DATA LISTING Block Start

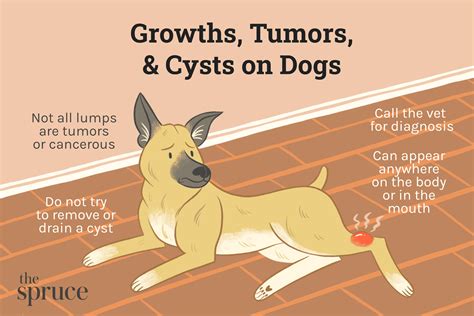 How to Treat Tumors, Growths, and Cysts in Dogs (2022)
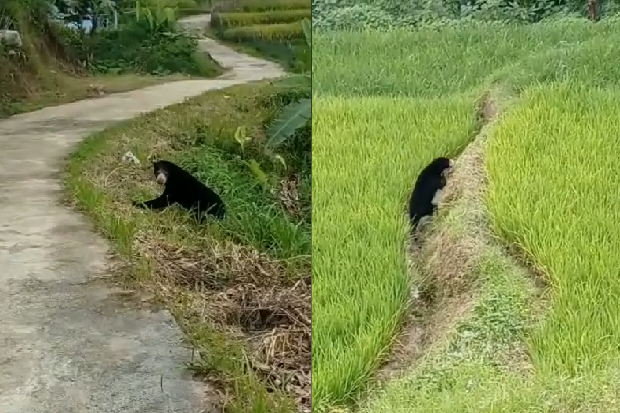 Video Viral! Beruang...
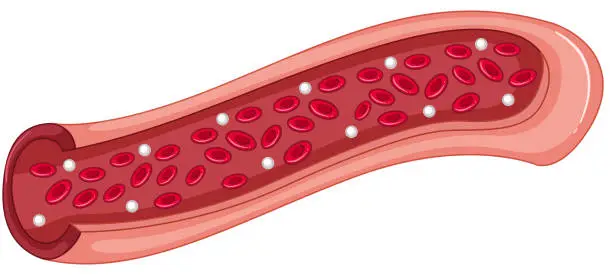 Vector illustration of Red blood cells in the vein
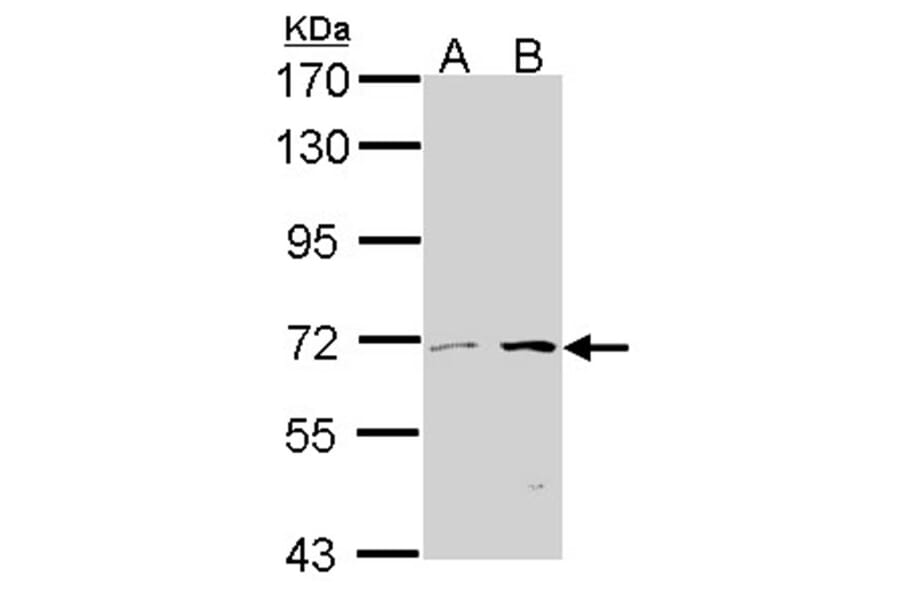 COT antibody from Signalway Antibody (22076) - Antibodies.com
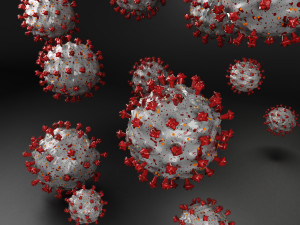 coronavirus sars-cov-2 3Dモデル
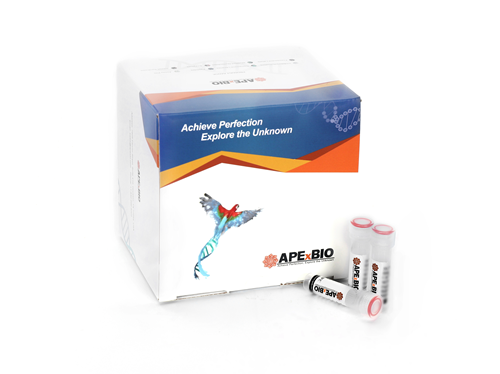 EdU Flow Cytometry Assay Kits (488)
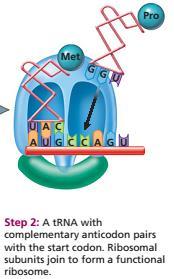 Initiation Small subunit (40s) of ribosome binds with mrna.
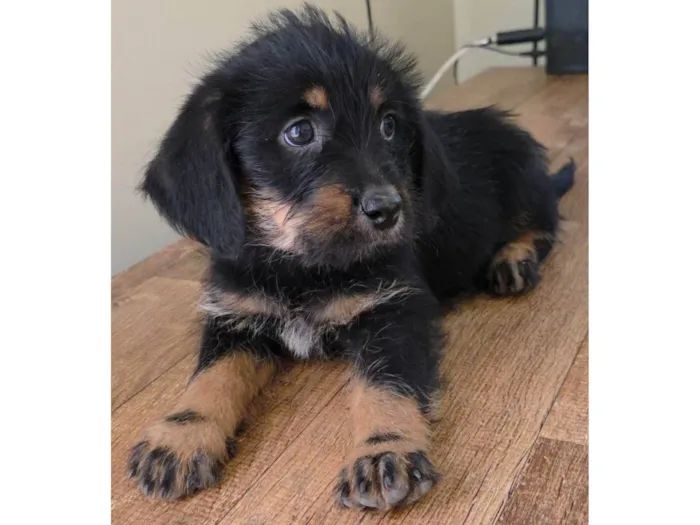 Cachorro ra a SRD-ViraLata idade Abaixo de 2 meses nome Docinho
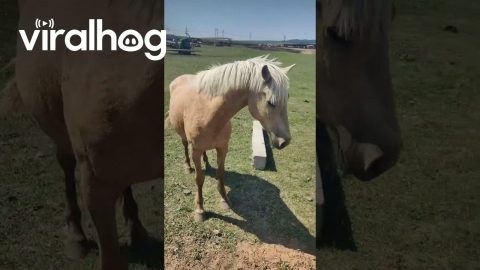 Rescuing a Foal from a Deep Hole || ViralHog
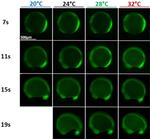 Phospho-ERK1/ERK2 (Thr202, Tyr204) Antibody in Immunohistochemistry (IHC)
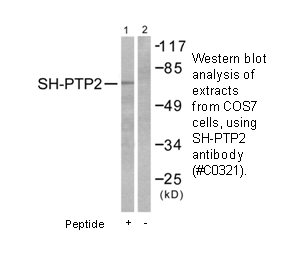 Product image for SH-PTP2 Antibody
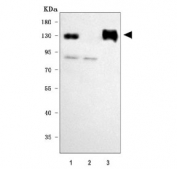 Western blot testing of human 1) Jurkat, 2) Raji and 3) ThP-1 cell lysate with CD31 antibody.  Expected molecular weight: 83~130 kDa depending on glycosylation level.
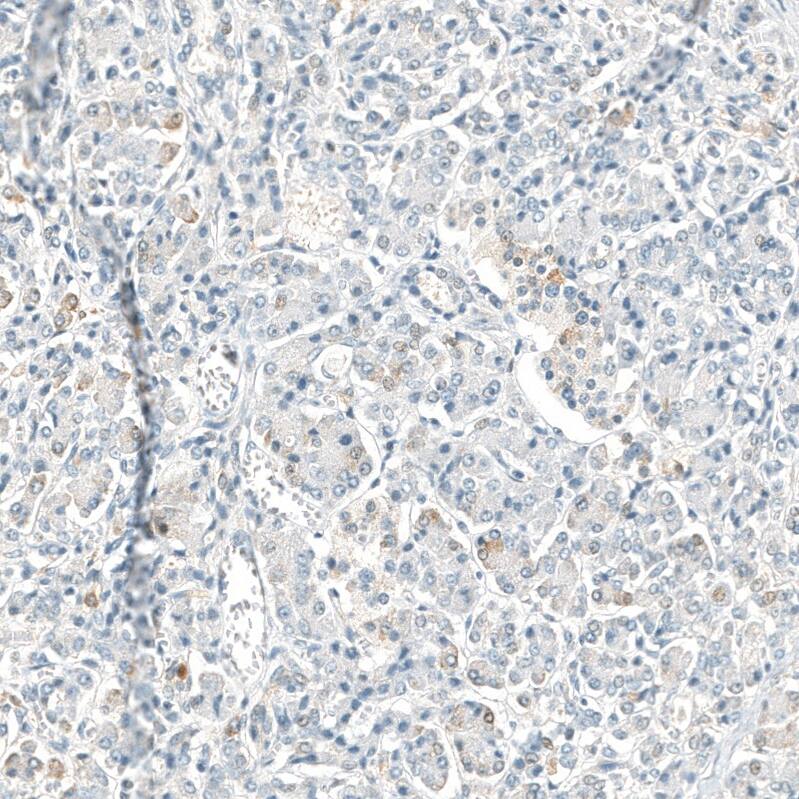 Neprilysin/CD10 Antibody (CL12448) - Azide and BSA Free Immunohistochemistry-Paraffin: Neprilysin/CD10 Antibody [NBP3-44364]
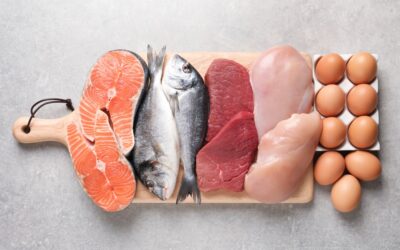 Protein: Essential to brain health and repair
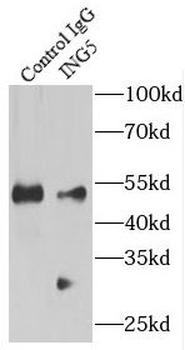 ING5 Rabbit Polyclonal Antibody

DATA LISTING Block End
DATA LISTING Block Start

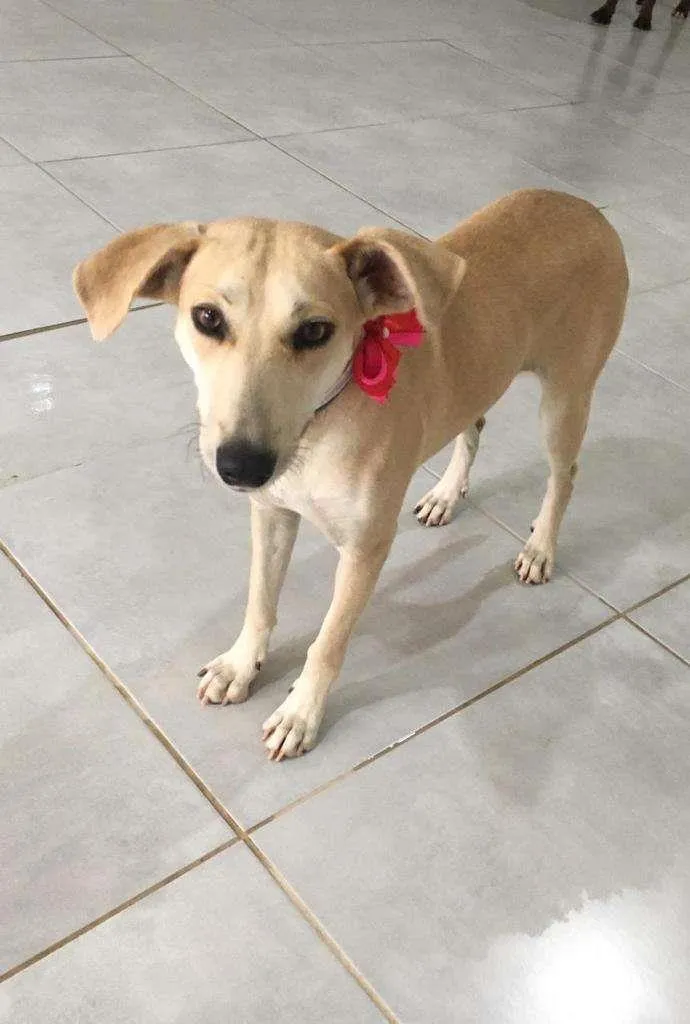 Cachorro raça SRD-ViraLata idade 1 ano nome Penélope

DATA LISTING Block End
DATA LISTING Block Start

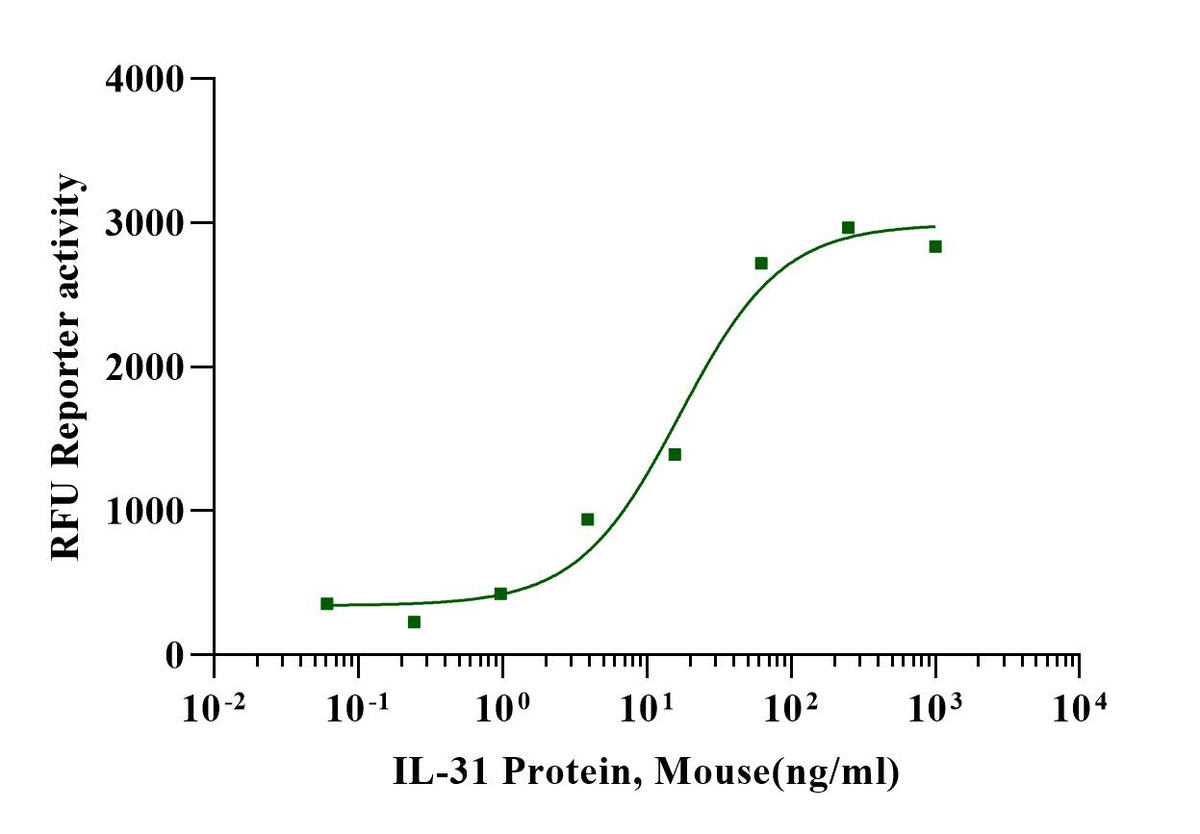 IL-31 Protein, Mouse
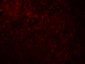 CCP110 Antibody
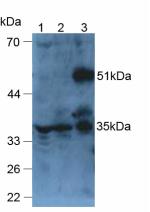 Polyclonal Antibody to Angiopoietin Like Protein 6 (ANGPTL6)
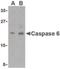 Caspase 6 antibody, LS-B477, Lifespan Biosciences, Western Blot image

DATA LISTING Block End

Repeat, without pictures, exactly the lines of the data above from the one containing "Phospho-ERK1/ERK2 (Thr202, Tyr204)" through the one containing "ING5 Rabbit Polyclonal Antibody", including both and adding nothing.

◆ **WRITTEN SOLUTION**:
 Phospho-ERK1/ERK2 (Thr202, Tyr204) Antibody in Immunohistochemistry (IHC)
 Product image for SH-PTP2 Antibody
 Western blot testing of human 1) Jurkat, 2) Raji and 3) ThP-1 cell lysate with CD31 antibody.  Expected molecular weight: 83~130 kDa depending on glycosylation level.
 Neprilysin/CD10 Antibody (CL12448) - Azide and BSA Free Immunohistochemistry-Paraffin: Neprilysin/CD10 Antibody [NBP3-44364]
 Protein: Essential to brain health and repair
 ING5 Rabbit Polyclonal Antibody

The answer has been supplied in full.